> Problem
Copy the listing below exactly. Pictures stay out of it.

> Given material
━━━

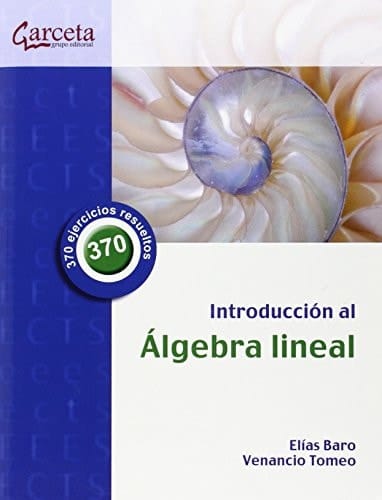 Introducción al álgebra lineal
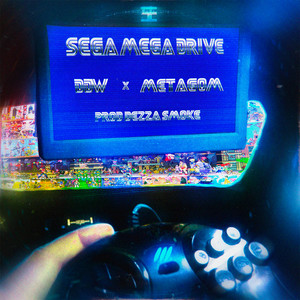 SEGA MEGA DRIVE (prod. by Dezza Smoke) [Explicit]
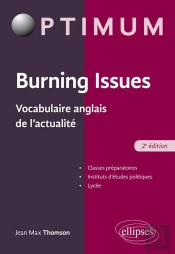 Burning Issues ; Vocabulaire Anglais De L'Actualité (2e Édition)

━━━

> Written response
 Introducción al álgebra lineal
 SEGA MEGA DRIVE (prod. by Dezza Smoke) [Explicit]
 Burning Issues ; Vocabulaire Anglais De L'Actualité (2e Édition)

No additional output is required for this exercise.